From Mr Ishmael's drafts from September 2015.
A darkie? In the bushes?
I daresay you're right, your worship, I'll fetch your twelve-bore.
And now some Beethoven, an 'oo doesn't like a bit of
Beethoven? Y'know, when I were a little lad, in Barnsley, preparin' fer
me career as a television gardening polymath and novelist, I used to
walk around our garden singin' Beet'oven's 'Allelulia Chorus at the top
of me little lungs, and now, 'ere I am, in the Royal Albert Hall,
sharing what I know with others less educated than what I am.
Good
morning and welcome to Sky Sunrise, with me, Mrs Holmeses wee son,
Eamon, skymadeupnewsandfilth's answer to Alan Titmarsh, the housewives'
favourite gardener - boyish and cheeky and just a wee bit dangerous, in a
Pringle pullover kind of way. Although you won't catch me introducing
the Proms, or crawling up Prince Brian's arse; Eurovision, now, or
Strictly, that's more my style. More wee Alan's, too, if only somebody
had a told the wee man. And with
me this morning, around the news desk, to discuss the big stories that
you care about, are Sally Tits and Jayne Tits. But first, the business
news with our business editor, Imogen Tits, that's after this break.
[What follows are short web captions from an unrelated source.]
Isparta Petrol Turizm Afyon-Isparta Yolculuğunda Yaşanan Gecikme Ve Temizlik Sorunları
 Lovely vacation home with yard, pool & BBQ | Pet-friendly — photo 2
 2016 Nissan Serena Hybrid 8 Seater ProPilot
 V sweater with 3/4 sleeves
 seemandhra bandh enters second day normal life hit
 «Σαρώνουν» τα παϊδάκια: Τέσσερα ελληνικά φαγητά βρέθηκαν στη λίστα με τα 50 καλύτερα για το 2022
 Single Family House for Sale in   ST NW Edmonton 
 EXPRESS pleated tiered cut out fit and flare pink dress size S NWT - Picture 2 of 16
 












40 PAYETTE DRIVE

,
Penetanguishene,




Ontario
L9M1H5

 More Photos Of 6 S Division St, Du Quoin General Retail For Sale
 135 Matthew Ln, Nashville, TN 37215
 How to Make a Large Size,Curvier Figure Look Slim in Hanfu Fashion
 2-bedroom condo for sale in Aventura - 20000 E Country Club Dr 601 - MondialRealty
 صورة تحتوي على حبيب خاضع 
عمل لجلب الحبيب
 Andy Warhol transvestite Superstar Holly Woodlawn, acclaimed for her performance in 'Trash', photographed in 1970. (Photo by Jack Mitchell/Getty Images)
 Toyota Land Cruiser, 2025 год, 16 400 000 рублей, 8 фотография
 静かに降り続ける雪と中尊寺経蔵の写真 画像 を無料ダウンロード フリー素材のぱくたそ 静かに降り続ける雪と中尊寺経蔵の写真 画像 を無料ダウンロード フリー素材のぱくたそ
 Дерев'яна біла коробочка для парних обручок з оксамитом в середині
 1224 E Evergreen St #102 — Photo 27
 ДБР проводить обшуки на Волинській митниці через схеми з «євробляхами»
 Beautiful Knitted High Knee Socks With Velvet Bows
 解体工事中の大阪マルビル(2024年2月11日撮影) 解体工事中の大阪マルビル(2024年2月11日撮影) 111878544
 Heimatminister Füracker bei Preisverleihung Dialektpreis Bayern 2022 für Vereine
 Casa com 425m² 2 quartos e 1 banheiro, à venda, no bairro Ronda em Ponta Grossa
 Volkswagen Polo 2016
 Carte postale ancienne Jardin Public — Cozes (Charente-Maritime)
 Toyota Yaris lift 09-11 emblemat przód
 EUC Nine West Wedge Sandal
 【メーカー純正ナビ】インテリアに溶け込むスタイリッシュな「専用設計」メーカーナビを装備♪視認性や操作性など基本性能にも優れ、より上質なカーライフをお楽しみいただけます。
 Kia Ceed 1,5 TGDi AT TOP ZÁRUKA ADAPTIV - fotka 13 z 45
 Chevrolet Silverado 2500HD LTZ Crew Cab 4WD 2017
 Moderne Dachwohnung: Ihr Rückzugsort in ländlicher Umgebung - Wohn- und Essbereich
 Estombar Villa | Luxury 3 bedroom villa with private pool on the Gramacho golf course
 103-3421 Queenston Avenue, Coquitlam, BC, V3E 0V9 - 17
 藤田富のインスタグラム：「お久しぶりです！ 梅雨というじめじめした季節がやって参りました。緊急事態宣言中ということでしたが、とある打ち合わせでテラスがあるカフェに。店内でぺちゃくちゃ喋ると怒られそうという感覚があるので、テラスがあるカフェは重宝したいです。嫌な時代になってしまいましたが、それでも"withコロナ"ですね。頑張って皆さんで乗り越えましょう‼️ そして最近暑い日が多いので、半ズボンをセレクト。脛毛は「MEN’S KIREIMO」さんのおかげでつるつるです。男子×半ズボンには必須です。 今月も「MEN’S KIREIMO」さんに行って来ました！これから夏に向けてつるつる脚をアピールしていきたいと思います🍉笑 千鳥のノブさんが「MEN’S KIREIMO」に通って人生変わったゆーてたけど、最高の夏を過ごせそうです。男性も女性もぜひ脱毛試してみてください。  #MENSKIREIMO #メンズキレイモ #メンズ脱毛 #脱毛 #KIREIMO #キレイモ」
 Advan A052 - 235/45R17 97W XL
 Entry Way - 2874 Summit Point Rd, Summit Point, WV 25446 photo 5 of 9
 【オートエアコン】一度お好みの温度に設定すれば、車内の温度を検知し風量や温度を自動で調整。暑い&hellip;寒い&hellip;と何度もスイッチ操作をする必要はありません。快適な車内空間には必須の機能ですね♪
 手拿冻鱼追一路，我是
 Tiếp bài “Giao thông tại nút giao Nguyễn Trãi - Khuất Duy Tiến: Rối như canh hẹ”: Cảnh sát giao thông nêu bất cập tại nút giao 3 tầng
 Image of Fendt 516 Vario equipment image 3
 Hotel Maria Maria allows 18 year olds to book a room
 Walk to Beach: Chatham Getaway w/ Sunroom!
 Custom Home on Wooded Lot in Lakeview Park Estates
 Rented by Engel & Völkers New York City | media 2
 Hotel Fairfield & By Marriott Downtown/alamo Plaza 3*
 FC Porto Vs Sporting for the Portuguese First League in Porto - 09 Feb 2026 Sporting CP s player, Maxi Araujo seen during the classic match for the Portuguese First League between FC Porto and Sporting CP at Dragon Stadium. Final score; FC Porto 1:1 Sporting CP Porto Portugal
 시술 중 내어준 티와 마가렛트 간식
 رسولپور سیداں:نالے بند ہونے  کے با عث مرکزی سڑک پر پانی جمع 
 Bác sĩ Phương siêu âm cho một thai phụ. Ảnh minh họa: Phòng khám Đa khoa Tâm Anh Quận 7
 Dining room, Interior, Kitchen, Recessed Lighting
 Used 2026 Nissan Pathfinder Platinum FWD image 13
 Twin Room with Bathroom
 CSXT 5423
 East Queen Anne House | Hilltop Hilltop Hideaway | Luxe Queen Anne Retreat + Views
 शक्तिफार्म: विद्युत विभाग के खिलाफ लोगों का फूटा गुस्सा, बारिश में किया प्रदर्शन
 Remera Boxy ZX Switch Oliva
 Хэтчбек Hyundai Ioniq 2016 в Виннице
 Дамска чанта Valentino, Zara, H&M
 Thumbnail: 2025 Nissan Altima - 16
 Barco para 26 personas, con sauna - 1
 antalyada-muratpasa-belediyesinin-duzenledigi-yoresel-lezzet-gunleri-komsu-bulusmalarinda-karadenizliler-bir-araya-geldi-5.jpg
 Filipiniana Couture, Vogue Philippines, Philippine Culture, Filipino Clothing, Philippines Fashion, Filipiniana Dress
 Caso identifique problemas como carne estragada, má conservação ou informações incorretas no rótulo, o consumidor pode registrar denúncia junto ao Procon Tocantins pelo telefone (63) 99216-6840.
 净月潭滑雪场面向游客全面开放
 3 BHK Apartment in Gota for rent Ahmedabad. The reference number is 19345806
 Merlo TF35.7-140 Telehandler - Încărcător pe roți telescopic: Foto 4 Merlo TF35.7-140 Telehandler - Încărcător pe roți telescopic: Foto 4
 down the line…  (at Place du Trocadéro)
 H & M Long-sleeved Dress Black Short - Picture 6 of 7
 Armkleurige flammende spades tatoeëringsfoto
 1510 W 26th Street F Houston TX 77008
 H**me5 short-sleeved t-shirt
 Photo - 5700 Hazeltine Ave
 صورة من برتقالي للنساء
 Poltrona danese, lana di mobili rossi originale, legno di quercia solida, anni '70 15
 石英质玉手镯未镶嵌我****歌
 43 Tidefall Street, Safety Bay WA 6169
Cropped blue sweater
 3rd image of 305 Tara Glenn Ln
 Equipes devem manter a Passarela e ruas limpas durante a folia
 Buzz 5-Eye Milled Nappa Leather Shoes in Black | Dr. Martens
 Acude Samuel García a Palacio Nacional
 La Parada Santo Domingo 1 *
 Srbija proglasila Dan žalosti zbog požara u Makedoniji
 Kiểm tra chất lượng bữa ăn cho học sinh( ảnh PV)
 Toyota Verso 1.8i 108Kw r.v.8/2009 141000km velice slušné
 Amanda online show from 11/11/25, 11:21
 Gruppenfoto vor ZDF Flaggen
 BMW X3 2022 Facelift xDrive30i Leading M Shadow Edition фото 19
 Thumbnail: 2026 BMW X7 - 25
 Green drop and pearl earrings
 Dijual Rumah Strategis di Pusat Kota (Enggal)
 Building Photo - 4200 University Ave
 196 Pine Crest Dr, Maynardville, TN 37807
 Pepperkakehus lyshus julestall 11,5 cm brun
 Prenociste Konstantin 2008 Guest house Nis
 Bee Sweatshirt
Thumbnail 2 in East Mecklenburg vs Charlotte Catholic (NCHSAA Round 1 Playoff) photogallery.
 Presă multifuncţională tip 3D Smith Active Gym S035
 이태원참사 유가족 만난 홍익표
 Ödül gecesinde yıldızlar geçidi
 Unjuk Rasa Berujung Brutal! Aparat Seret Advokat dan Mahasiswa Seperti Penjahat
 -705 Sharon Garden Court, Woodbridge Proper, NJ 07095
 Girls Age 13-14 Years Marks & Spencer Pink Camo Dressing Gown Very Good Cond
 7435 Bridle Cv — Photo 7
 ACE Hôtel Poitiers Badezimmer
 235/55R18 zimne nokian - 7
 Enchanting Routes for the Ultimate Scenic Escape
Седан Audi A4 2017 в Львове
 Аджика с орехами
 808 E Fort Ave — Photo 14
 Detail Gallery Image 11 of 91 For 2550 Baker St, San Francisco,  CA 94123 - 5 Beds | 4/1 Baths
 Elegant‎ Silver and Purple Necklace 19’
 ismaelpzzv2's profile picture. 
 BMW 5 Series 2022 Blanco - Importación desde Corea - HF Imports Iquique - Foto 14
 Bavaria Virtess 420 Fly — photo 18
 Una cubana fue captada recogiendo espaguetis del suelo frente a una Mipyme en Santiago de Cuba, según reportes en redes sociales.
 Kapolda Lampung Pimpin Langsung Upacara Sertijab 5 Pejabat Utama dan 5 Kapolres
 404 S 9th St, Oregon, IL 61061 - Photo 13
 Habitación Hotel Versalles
Make sure and see that yous don't go away, now........
Welcome
back and the big story is that skymadeupnewsandfilth can exclusively
reveal that Jerry or Jeremy as he insists on calling himself Corbyn may
have agreed to be the support act for Madonna. That's right, viewers,
you heard it here first. This is the significant official rumour that
the left-wing, anti-monarchist, terrorist-supporting leader of the
Labour party, who couldn't even - and I had trouble believing this
myself, so I did - who couldn't even be bothered even to mouth the words
of our National Anthem, and this at a memorial service for those who
gave their lives for him, yes, that Jeremy Corbyn, the one who'd give all your pensions to his paymasters in Russia, that Jeremy Corbyn is to open for the geriatric Princess of PornoPop when she appears at London's O2, later this year.
Rebel Heart, Madge's tour is called, so it is, and she
could have told Sky's entertainment correspondent, Rosie Tits, that
since she and JC are both rebels and both in their sixties that it'd be
really cool if they appear together and maybe adopt a baby or two, from,
like Africa or Brazil, wherever.
In other news, British car manufacturers are warning that Corbyn as prime minister could destroy thousands of car industry jobs , with him being a bicyclist and everything.
Yes,
Eamonn, and this just in from the National Federation of Master
Butchers, Slaughtermen and Offal Processors: Corbyn A Menace To British
Way Of Life.
Seems, Eamonn, that butchers and slaughtermen are warning
that while they think it's OK for a number of people to be vegetarian,
those considering it in future should be imprisoned for long periods.
Here's their chairman, It's unBritish, vegetarianism, after all. how
would we have won the war against the Nazis if the British working man
hadna had his Roast Beef'n'Yorkshire for his dinner every day. I mean,
you can't fight a flippin' war on lentils, can you?
That was Morris RedFace, there, of Butchers Against Corbyn.
5 comments:
Sorry about this but I have to ask - how long is that sword and is Madonna swallowing it?
v./
Ouch!
Yes always had a fine eye for twats, did Mr I. Terry Wogan and Esther Rancid were on his list, pleasingly.
Mr Verge: naughty thoughts went through my mind on first reading of your comment.
Mr Mike - then you had my intention precisely (and Madonna's, probably.) A first reading is all that she needs. Hope you & yours are bearing up ok down under.